## Exercise directions
Without the pictures, output the records below word for word.
··· Raw data ···
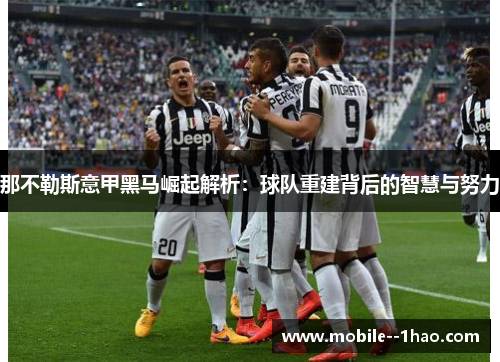 那不勒斯意甲黑马崛起解析：球队重建背后的智慧与努力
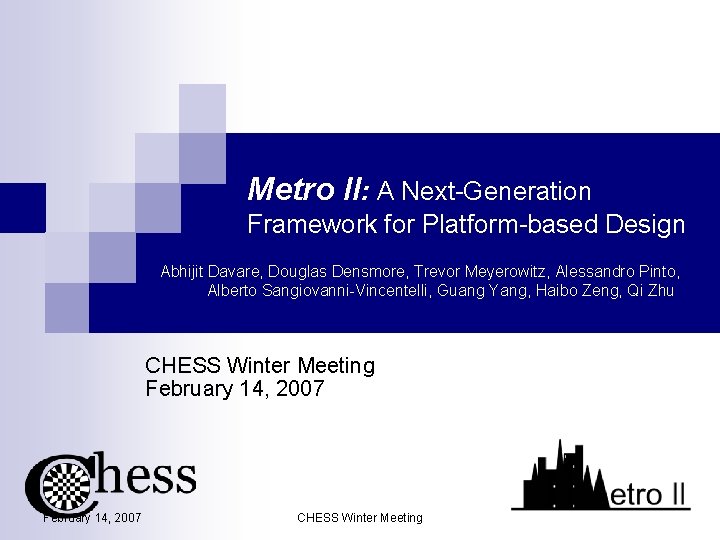 Metro II: A Next-Generation Framework for Platform-based Design Abhijit Davare, Douglas Densmore, Trevor Meyerowitz,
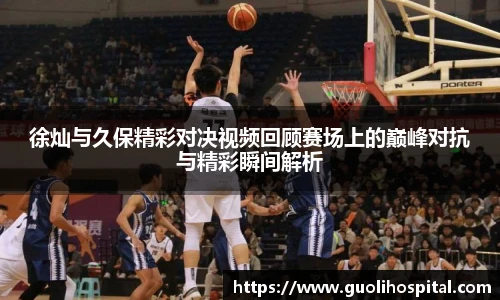 徐灿与久保精彩对决视频回顾赛场上的巅峰对抗与精彩瞬间解析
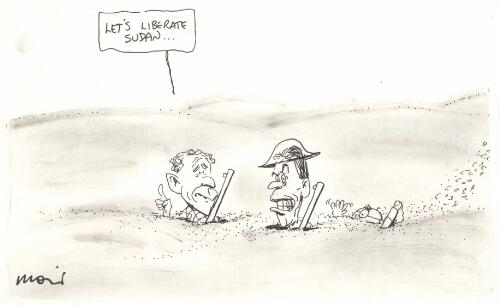 Let's liberate Sudan - [George W. Bush's suggestion to Tony Blair and John Howard while sinking deeper in quicksand in Iraq, 2004] [picture] / Moir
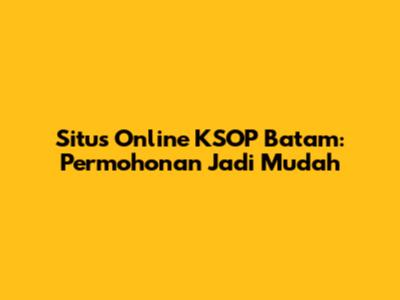 Situs Online KSOP Batam: Permohonan Jadi Mudah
···
## Worked solution
 那不勒斯意甲黑马崛起解析：球队重建背后的智慧与努力
 Metro II: A Next-Generation Framework for Platform-based Design Abhijit Davare, Douglas Densmore, Trevor Meyerowitz,
 徐灿与久保精彩对决视频回顾赛场上的巅峰对抗与精彩瞬间解析
 Let's liberate Sudan - [George W. Bush's suggestion to Tony Blair and John Howard while sinking deeper in quicksand in Iraq, 2004] [picture] / Moir
 Situs Online KSOP Batam: Permohonan Jadi Mudah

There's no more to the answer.